_Instructions to follow_
From the first line to the last, retype the data below exactly.
(Recorded information begins)
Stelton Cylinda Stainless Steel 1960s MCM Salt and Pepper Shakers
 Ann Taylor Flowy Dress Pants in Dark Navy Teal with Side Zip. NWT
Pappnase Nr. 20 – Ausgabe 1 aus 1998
(Recorded information ends)
_Reply_
Stelton Cylinda Stainless Steel 1960s MCM Salt and Pepper Shakers
 Ann Taylor Flowy Dress Pants in Dark Navy Teal with Side Zip. NWT
Pappnase Nr. 20 – Ausgabe 1 aus 1998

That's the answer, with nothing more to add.